Creating a Coupling#
A coupling turns the per-region states of a network into the input current
each region receives from the others. brainmass ships diffusive, additive, and
several nonlinear couplings (DiffusiveCoupling, SigmoidalCoupling, …). This
guide shows how to implement a new one against the same stable contract, so it
drops into a network exactly like the built-ins.
If you only want to use the existing couplings through Network(coupling=...),
see Custom Coupling. This guide is about the implementation contract.
Every coupling in coupling.py follows one pattern:
a pure kernel function doing the array math, and
a thin
Modulethat holds theParams and the prefetch reads, and calls the kernel fromupdate.
We will reproduce that pattern for a new power-law diffusive coupling.

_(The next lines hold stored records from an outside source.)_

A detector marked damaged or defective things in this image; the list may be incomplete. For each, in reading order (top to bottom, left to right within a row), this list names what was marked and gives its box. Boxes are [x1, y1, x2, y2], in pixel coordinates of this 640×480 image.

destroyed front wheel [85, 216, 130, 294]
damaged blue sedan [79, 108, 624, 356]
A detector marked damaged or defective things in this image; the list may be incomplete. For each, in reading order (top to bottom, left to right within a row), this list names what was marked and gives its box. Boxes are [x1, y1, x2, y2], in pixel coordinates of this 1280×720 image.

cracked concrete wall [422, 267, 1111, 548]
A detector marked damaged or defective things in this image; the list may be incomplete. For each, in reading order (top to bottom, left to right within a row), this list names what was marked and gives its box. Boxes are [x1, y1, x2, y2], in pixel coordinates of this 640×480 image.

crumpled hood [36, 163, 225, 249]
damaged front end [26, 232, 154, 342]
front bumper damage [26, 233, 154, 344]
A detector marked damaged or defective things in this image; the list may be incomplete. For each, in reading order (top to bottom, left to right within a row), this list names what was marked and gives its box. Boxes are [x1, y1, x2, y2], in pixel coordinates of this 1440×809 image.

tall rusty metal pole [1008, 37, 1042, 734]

The prefetch / delay contract#
A coupling never reads another module’s state directly. It reads a prefetch – a zero-argument callable a node hands out that yields a (optionally delayed) snapshot of one of its states. There are two reads, and their shapes are the whole contract:
Source (
prefetch_delay): every target reads every source, so the source read is shaped(..., N, N)–x[i, j]is sourcejas seen by targeti, already delayed by the conduction delaytau_ij = distance_ij / speed.Target (
prefetch): each target reads its own current state, shaped(..., N).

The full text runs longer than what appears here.